安倍氏、米中の「仲裁者」に…トランプ氏とゴルフ会談の日、中国に実務陣急遽派遣

写真はトランプ大統領と安倍総理/首相官邸のTwitterから
安倍氏、米中の「仲裁者」に…トランプ氏とゴルフ会談の日、中国に実務陣急遽派遣
安倍晋三総理と米国のドナルド・トランプ大統領がゴルフと相撲観戦をしていた26日、外務省の実務級官僚らが「静かに」中国・北京へと向かう飛行機に乗り込んだ。
ある外交消息筋は28日、「安倍総理が来月の大阪G20首脳会議(6月28〜29日)で、トランプ大統領と習近平中国国家主席の会談を実現させるため、河野太郎外相の様な大臣クラスの人物を中国に向かわせる案を検討中」とし、「これに先だって、日本政府の実務陣が北京に向けて出発した」と話した。
■米国とは安保、中国とは経済
中国側が大阪での米中首脳会談に否定的な立場を明らかにすると、日本は世紀の貿易戦争と呼ばれる米中貿易摩擦の解決に向け、橋渡し役として直接名乗りでたという事になる。
安倍総理が米中貿易戦争の仲裁者を自任するという事は、直接的には貿易摩擦の長期化により、中国と取引をしている日本企業が打撃を受けるという点があるものの、長期的には安保は米国と共にあるが、経済は中国と手を握るという、ツートラック戦略に起因する。
想定外だった米国のTPP交渉離脱や、トランプ政権による対日貿易攻勢、古くは1960年代から積み重なって来た米国による対日通商圧力など、経済利益に関してはその都度変化する米国の態度を、身を持って学んで来たからだとの分析だ。昨年から始まった安倍総理の実利主義的な強い「ラブコール」に対し、中国政府が内心、少なからず当惑していたとの裏話もある。安倍総理は、来月G20が開かれる大阪で習近平主席と首脳会談を行い、正式に習主席の国賓訪問を要請するとみられる。
■安倍総理、米とイランの仲裁も
大阪G20首脳会談を前にした6月12〜14日に、安倍総理のイラン訪問が予定されている。一触即発の状態にまで高まっている米とイランの関係を、日本が仲裁するためだとみられる。
安倍総理のイラン訪問は、実際には今月中旬から話に上がり始めた。イランの外務大臣が日本を訪問するなど、イラン側に対する事前の調整作業は済ませた状態だっただけに、トランプ大統領の反応がカギとなっていた。

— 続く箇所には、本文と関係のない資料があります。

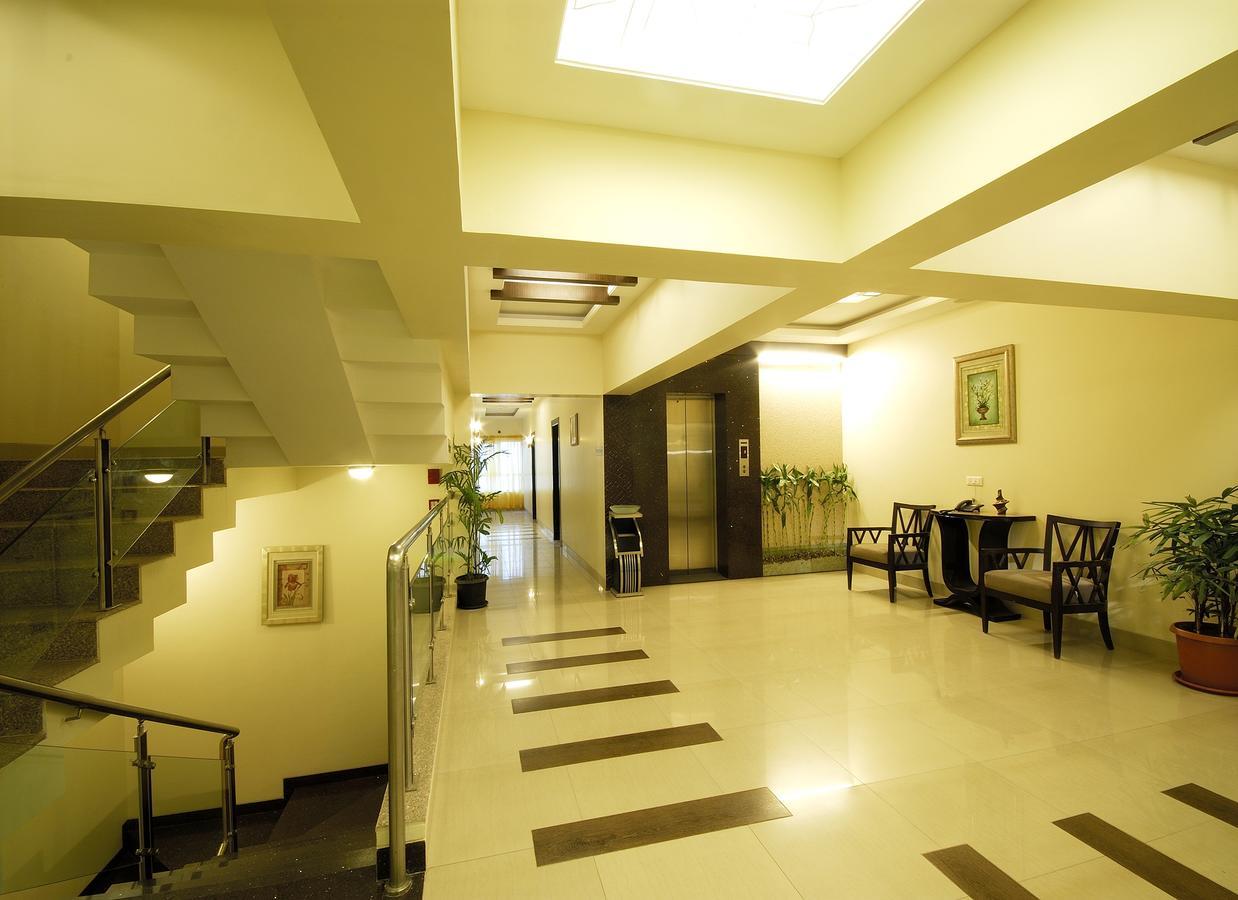 Click Hotel Nashik Buitenkant foto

トランプ大統領の反応に確信が持てなかった日本政府は、トランプ大統領との首脳会談前までイラン仲裁に関して「箝口令」を敷いていた。トランプ大統領は、今月27日の日米首脳会談後に開かれた共同記者会見で、「安倍総理がイランととても良い関係を構築している事は知っている」と、日本の役割に期待している事を言葉にし、事実上、日本の「仲裁役」を承諾した。
また、トランプ大統領は日朝首脳会談を「全面支持する」事を明らかにし、日朝対話を通じて米朝を繋ぐという、朝鮮半島問題の仲裁者の役割を模索していた安倍総理に、全幅の信頼を寄せた。

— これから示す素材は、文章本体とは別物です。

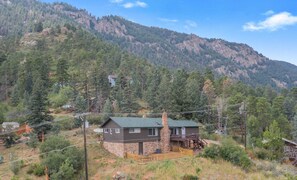 Exterior - 3BD Cowboy Cabin Pikes Peak Mountain Log Cabin (Cascade)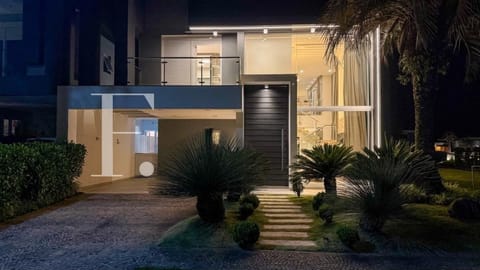 Sobrado com 334m², 5 dormitórios, 5 suítes, 3 vagas, Capão Ilhas Resort em Capão da Canoa
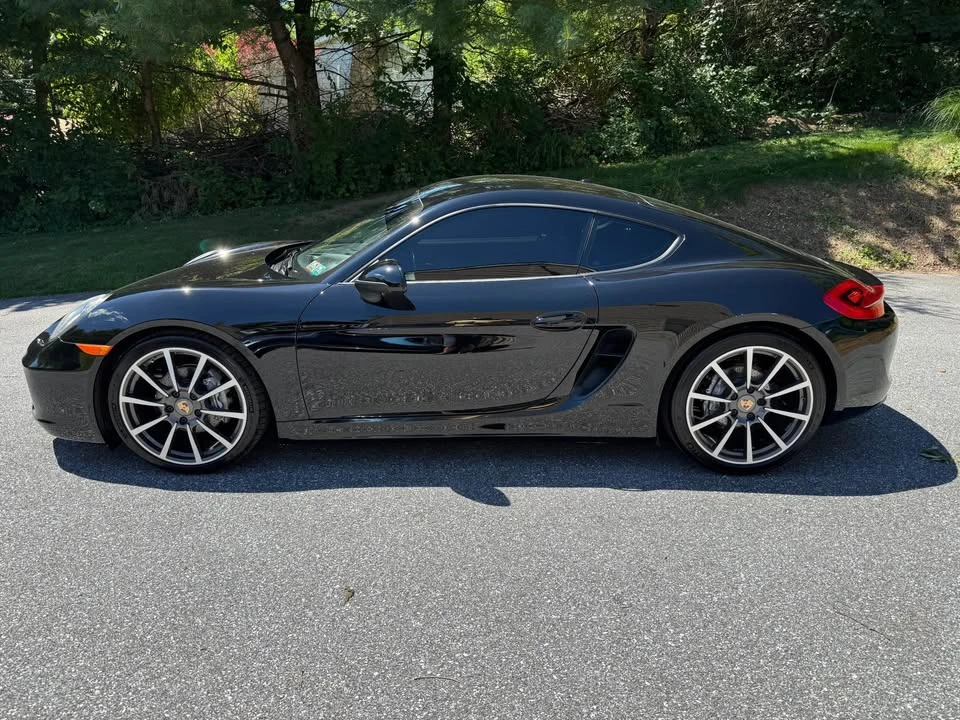 2014 Porsche 981 Cayman - Image 2 of 11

安倍総理の外交範囲が、朝鮮半島と中国、中東に至るまで、これまでに無く広がっているというのが、日本の外交筋の雰囲気だ。この様な流れであれば、7月の参議院選挙前に外交分野で点を稼ぐのは言うまでもなく、朝鮮半島と東北アジア外交での存在感も強まるとみられる。

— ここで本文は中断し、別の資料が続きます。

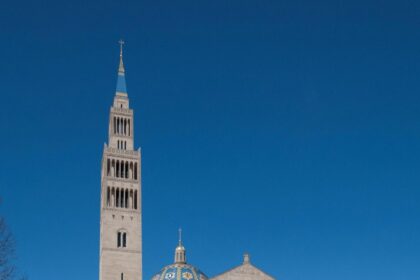 The Catholic Church is breaking up with the U.S. government. Here’s why it matters – Yahoo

日本の外交が勢いを見せ始めたのは、安倍・トランプ両首脳の蜜月関係に起因する。この様な関係の形成には、安倍総理の、いわゆる日本式の手厚い接待を意味する「おもてなし外交」と、トランプ大統領の「取引外交」が一致したからだとの見方が大勢を占めている。
また7月の選挙を前にした安倍総理と、来年に次期大統領選挙を前にしたトランプ大統領が、順番にお互いを助けるウィン・ウィン外交が元となった事で、実現可能になったとの分析もみられる。